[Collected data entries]
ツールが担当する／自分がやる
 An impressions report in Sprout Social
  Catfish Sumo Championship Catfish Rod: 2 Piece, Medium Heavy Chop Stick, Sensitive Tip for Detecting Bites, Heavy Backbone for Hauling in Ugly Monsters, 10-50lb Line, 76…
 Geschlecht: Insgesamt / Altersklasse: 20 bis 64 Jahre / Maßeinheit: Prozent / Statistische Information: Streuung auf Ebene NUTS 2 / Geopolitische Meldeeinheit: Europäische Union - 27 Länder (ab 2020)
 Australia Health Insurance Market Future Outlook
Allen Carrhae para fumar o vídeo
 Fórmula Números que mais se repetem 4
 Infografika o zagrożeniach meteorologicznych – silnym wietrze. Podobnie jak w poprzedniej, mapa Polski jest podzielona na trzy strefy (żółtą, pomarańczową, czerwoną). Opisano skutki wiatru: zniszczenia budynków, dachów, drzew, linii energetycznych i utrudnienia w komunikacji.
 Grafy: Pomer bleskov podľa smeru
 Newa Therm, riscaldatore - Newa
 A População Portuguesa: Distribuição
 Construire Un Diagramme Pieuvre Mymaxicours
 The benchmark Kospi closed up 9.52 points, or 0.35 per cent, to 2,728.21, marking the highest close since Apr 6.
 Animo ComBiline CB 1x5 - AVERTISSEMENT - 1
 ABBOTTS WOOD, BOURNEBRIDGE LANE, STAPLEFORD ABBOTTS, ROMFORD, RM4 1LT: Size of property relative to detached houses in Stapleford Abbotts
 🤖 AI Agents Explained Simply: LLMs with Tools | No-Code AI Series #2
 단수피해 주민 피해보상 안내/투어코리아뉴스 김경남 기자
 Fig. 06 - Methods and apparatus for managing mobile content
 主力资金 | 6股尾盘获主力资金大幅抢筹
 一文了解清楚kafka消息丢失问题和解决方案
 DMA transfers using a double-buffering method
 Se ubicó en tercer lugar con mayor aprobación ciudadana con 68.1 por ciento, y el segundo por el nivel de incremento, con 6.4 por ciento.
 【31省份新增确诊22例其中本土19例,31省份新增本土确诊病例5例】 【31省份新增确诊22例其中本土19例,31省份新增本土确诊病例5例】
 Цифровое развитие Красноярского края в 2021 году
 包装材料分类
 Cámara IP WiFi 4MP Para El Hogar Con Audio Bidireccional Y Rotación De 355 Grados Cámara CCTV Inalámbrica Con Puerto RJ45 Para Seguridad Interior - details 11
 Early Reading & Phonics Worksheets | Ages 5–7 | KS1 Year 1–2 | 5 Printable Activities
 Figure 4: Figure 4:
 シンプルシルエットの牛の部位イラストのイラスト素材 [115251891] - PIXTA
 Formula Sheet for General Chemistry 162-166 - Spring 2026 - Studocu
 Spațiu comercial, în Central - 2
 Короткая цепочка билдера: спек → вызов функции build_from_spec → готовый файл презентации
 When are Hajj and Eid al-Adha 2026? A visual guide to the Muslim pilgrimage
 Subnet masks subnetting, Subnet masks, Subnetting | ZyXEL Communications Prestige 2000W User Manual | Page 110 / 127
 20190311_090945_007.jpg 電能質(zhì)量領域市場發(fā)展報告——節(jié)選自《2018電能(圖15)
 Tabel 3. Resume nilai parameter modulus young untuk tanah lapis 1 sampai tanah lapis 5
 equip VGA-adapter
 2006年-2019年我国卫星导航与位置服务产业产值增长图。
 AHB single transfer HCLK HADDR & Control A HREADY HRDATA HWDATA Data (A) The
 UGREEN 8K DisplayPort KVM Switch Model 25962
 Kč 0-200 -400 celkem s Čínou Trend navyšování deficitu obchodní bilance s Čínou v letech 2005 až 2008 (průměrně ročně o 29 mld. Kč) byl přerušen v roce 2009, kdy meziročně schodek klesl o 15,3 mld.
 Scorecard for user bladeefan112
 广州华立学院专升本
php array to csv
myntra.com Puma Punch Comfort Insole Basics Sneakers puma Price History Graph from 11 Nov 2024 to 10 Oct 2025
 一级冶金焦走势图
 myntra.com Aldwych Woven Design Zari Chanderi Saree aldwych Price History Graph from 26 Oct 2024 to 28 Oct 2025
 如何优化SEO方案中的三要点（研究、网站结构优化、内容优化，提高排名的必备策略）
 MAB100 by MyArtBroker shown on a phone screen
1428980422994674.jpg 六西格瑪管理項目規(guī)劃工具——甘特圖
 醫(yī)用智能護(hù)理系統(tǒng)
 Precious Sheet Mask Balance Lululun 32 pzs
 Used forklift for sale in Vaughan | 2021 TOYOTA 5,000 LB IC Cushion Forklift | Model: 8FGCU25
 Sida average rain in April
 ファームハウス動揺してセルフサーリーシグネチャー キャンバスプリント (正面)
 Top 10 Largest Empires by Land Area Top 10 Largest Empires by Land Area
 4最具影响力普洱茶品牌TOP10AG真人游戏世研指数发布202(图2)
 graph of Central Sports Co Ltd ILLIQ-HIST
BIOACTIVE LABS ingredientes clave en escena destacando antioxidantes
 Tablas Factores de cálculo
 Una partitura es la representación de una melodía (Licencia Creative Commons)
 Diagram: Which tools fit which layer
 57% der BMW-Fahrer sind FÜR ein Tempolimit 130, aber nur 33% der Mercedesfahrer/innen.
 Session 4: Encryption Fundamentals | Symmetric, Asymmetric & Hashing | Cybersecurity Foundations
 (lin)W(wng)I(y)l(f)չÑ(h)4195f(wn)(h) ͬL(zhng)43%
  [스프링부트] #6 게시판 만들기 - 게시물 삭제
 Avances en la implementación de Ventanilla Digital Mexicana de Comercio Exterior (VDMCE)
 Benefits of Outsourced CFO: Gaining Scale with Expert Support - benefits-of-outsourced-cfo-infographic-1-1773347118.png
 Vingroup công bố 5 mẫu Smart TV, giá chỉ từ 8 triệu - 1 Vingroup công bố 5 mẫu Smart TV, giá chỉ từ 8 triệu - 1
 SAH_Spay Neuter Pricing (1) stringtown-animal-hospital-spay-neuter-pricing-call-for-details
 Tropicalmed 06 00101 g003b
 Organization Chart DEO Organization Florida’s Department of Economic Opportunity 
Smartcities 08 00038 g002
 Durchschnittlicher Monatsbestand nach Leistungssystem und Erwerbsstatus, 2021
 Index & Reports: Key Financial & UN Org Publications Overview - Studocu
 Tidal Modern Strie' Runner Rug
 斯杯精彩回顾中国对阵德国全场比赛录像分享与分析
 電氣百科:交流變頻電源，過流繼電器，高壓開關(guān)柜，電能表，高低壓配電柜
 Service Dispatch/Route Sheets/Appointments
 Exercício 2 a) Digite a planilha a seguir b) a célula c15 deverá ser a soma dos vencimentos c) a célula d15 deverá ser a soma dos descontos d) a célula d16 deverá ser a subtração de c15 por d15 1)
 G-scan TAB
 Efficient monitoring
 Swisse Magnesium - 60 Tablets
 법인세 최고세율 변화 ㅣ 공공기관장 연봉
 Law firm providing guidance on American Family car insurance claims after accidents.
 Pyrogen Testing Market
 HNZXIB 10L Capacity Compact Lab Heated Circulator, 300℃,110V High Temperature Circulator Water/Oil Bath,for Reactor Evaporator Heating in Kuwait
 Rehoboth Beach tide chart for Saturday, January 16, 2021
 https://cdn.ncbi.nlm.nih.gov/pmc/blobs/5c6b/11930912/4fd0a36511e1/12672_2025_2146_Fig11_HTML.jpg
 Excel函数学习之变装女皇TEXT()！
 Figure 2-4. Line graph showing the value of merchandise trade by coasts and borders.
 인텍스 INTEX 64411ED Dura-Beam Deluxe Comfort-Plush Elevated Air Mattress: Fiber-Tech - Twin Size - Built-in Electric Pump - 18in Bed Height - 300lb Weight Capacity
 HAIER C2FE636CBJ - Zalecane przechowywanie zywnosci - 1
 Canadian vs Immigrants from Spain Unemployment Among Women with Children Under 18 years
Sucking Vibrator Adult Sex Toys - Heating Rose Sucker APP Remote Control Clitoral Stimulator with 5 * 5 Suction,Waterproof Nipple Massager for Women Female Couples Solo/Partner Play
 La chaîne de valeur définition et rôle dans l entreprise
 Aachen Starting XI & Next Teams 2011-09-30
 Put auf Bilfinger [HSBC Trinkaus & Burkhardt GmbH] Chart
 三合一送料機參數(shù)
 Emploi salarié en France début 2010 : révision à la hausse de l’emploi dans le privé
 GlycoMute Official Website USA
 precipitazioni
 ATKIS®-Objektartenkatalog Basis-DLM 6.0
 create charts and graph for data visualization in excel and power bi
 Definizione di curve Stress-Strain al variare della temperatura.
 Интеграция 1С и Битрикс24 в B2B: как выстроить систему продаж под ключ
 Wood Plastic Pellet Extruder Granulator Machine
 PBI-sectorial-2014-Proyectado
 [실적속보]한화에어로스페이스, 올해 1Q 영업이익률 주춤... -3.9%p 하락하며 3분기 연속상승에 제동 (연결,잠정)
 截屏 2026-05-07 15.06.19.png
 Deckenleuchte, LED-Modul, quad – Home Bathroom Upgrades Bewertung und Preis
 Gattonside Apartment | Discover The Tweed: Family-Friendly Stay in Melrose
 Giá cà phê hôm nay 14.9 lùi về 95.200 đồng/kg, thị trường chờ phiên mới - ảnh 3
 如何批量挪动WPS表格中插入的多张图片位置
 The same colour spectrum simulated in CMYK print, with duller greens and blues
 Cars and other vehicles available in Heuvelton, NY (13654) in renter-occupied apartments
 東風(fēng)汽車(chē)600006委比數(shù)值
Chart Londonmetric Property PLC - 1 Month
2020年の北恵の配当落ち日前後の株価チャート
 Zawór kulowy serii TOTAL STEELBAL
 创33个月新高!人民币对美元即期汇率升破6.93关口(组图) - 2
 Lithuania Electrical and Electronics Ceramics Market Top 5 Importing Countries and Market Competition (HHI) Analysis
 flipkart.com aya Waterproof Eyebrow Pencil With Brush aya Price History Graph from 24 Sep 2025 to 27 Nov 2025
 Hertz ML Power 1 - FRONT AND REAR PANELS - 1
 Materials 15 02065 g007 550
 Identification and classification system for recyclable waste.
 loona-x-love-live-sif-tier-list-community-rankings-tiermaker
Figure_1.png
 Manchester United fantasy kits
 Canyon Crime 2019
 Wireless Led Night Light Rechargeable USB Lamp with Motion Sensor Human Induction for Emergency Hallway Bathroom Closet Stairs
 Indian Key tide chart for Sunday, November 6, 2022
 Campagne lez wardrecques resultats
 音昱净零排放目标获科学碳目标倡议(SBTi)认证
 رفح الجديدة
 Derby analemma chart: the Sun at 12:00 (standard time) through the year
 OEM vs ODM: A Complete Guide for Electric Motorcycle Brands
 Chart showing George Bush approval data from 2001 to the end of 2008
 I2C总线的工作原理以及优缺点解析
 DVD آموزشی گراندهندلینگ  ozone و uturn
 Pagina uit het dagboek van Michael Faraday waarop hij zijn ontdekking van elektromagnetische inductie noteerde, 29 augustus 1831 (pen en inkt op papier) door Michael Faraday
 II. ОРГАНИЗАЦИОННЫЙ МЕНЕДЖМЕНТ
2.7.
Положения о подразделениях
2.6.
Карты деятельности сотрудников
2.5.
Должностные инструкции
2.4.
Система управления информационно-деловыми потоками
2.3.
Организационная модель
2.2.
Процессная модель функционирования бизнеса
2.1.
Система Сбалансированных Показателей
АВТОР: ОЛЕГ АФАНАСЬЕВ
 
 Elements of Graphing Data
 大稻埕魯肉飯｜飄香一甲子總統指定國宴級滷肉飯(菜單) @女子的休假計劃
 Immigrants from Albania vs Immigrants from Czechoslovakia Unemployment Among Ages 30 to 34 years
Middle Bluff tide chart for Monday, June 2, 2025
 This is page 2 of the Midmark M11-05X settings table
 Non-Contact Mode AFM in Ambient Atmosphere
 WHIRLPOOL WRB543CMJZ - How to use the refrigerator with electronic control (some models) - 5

_What the task requires_: Starting from the first line of the records above, retype each line exactly up to and including the one that contains "Grafy: Pomer bleskov podľa smeru", and nothing more.

_Result of this exercise_:
ツールが担当する／自分がやる
 An impressions report in Sprout Social
  Catfish Sumo Championship Catfish Rod: 2 Piece, Medium Heavy Chop Stick, Sensitive Tip for Detecting Bites, Heavy Backbone for Hauling in Ugly Monsters, 10-50lb Line, 76…
 Geschlecht: Insgesamt / Altersklasse: 20 bis 64 Jahre / Maßeinheit: Prozent / Statistische Information: Streuung auf Ebene NUTS 2 / Geopolitische Meldeeinheit: Europäische Union - 27 Länder (ab 2020)
 Australia Health Insurance Market Future Outlook
Allen Carrhae para fumar o vídeo
 Fórmula Números que mais se repetem 4
 Infografika o zagrożeniach meteorologicznych – silnym wietrze. Podobnie jak w poprzedniej, mapa Polski jest podzielona na trzy strefy (żółtą, pomarańczową, czerwoną). Opisano skutki wiatru: zniszczenia budynków, dachów, drzew, linii energetycznych i utrudnienia w komunikacji.
 Grafy: Pomer bleskov podľa smeru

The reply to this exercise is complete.